Creating a new piece of software, or adding a new feature to some existing software, can often be done fairly quickly and inexpensively. And so the benefits of a new feature often seem to easily outweigh the costs of development.

In the grander scheme of things, however, all of the following economic factors need to be considered.

  1. Small development efforts that can be completed quickly and reliably often deliver more economic benefit than larger efforts that take longer to deliver and are at higher risk of failure.

  2. Developing a feature before it is definitely needed often results in a feature that is never used or one that requires significant rework before it becomes useful.

  3. Developing a feature with at best a marginal return on investment is rarely worth the effort, since actual costs tend to exceed initial estimates, whereas actual benefits often have trouble living up to early projections.

  4. Developing an application or feature that is already available from another source within the marketplace may prove to be a wasted effort.

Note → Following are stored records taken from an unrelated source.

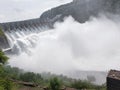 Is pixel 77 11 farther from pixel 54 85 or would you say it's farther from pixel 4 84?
pixel 4 84

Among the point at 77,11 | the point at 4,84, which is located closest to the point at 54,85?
the point at 4,84

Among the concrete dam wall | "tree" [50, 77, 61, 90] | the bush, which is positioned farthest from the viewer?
the concrete dam wall

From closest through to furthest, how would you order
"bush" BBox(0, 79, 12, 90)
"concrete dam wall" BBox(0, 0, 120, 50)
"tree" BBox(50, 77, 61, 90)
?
1. "bush" BBox(0, 79, 12, 90)
2. "tree" BBox(50, 77, 61, 90)
3. "concrete dam wall" BBox(0, 0, 120, 50)

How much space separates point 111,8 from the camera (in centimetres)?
8012

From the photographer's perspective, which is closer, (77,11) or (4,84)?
(4,84)

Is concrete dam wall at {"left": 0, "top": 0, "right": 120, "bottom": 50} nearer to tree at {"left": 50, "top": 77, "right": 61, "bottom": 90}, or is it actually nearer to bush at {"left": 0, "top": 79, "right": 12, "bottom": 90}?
tree at {"left": 50, "top": 77, "right": 61, "bottom": 90}

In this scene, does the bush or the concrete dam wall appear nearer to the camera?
the bush

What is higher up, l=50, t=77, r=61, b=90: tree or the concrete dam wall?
the concrete dam wall

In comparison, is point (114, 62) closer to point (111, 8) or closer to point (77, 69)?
point (77, 69)

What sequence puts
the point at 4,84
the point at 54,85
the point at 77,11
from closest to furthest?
the point at 4,84
the point at 54,85
the point at 77,11

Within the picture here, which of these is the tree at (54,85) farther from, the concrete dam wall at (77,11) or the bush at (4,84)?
the concrete dam wall at (77,11)

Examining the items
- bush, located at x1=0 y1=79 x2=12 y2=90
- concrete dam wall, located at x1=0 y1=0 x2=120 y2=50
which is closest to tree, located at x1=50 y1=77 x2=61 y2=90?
bush, located at x1=0 y1=79 x2=12 y2=90

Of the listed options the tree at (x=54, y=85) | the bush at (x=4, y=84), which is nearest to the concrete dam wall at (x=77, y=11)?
the tree at (x=54, y=85)

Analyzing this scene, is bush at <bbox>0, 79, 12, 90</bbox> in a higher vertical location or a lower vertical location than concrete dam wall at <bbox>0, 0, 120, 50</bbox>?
lower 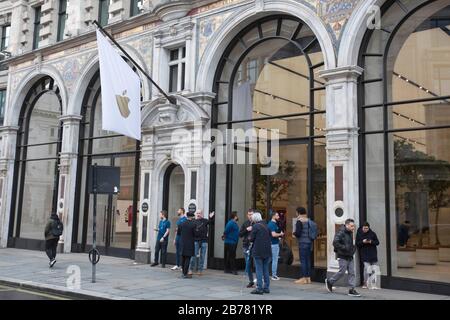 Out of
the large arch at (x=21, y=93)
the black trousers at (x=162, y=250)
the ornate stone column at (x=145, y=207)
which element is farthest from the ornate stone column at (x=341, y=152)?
the large arch at (x=21, y=93)

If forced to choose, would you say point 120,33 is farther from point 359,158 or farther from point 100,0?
point 359,158

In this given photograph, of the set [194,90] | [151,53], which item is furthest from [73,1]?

  5. Developing unique software for a particular customer is generally only economically beneficial if that software genuinely aids that customer in differentiating themselves from their competitors in the marketplace.

  6. While features that are fashioned carefully to support existing business processes are often requested and appreciated by current customers, in the long term such software can be costly to maintain, if it must be reworked each time processes and customers and business trends change. It is often much more cost-effective to simplify and generalize the design so that it can be used more flexibly by a broader range of customers across a wider spectrum of business processes.

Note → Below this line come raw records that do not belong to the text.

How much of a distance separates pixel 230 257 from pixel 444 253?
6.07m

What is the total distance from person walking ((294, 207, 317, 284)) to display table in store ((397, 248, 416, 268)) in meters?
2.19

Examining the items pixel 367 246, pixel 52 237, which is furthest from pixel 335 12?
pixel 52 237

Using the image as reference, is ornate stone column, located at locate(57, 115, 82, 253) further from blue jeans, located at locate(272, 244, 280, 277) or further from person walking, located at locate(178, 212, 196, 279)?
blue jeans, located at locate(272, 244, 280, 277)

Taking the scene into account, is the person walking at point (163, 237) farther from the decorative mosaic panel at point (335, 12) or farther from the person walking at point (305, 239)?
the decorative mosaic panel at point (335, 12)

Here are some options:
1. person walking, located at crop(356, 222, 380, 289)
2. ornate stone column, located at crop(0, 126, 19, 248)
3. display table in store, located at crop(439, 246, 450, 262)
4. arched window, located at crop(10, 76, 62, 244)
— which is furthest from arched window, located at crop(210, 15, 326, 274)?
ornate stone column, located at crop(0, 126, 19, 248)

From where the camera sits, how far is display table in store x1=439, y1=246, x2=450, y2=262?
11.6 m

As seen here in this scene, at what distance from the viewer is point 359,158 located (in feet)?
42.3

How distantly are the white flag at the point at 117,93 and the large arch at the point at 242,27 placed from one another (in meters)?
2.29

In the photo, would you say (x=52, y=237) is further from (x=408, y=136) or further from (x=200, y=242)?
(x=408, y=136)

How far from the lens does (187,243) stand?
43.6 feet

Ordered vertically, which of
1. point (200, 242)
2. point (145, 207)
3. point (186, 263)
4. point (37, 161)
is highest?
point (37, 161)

  7. The costs of supporting a piece of software over its entire life span are often much greater than the initial development costs. What often gets ignored are the costs of sustaining a set of features over a decade or two or three, including data storage, backup and archival costs, as well as the cost of maintaining the software.

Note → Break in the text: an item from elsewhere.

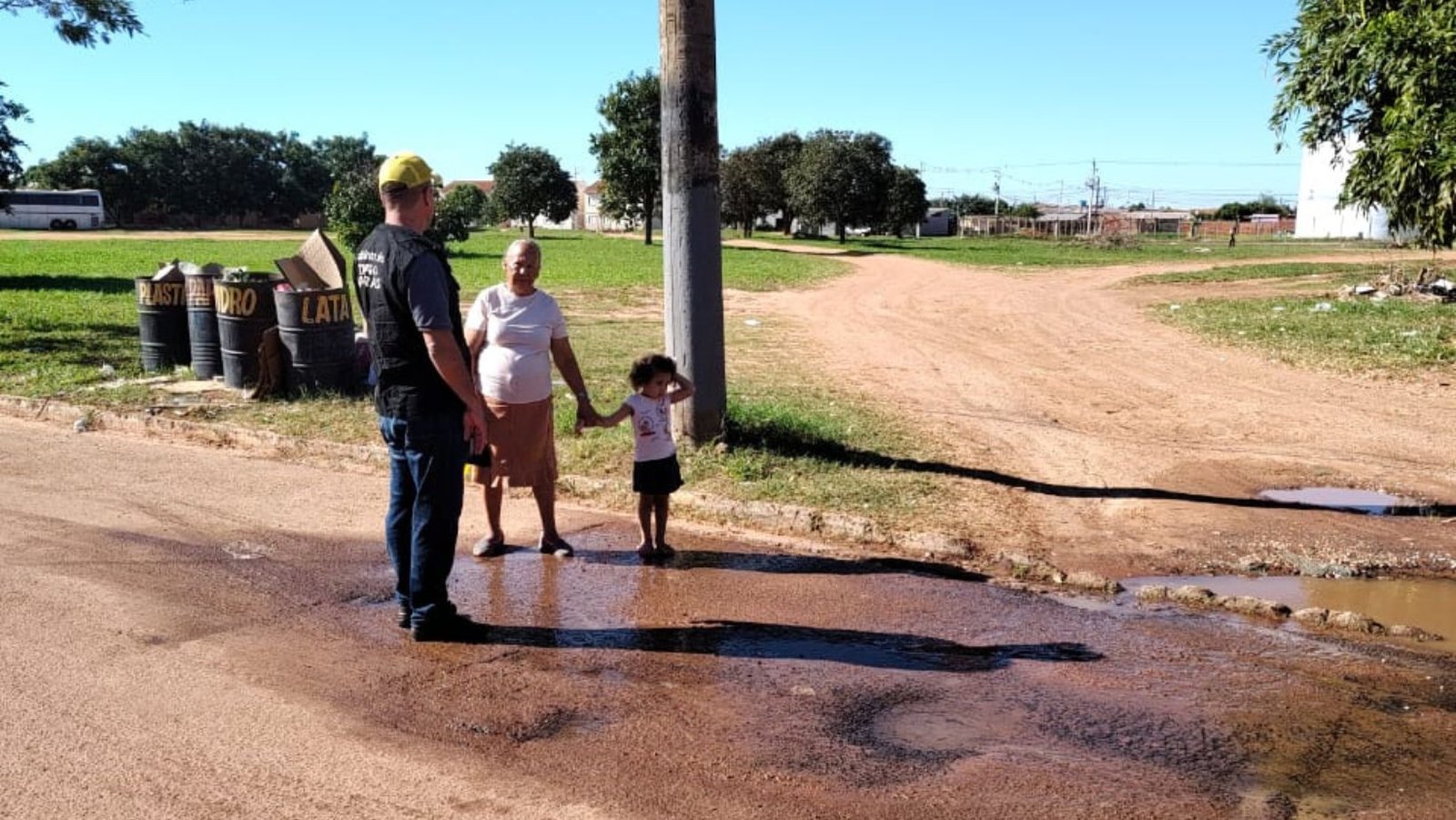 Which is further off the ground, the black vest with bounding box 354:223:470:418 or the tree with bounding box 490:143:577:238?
the tree with bounding box 490:143:577:238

  8. As technology ages and becomes obsolete over time, the costs of replacing existing software must also eventually be taken into account.

  9. Each new feature necessitates additional regression testing which must be repeated with each new software release, to ensure that some other change has not inadvertently broken this feature.

  10. As new features are added to a product, the overall complexity of the product increases, which tends to drive up maintenance costs, as it becomes more difficult to add additional features, or make additional changes. Such complexity also increases the cost of the eventual software replacement.

  11. Developing a new class of software that is in its early stages is often more rewarding than continued refinement of an older piece of software that has been around for years if not decades. For example, developing a new client for mobile devices might be more financially advantageous than further refinements to a back-office application that is already working reasonably well.

  12. Acquiring commercial or open-source software developed to be used by a broad range of customers with similar interests can often be more cost-effective than developing new software for a specific customer.

  13. However, one must also consider the business model behind any potential software supplier. Will they survive, or go out of business and leave their customers without a viable path forward? Conversely, will they thrive, but only by continually charging customers for new releases that may combine necessary technical upgrades with unneeded new features, resulting in software bloat over time?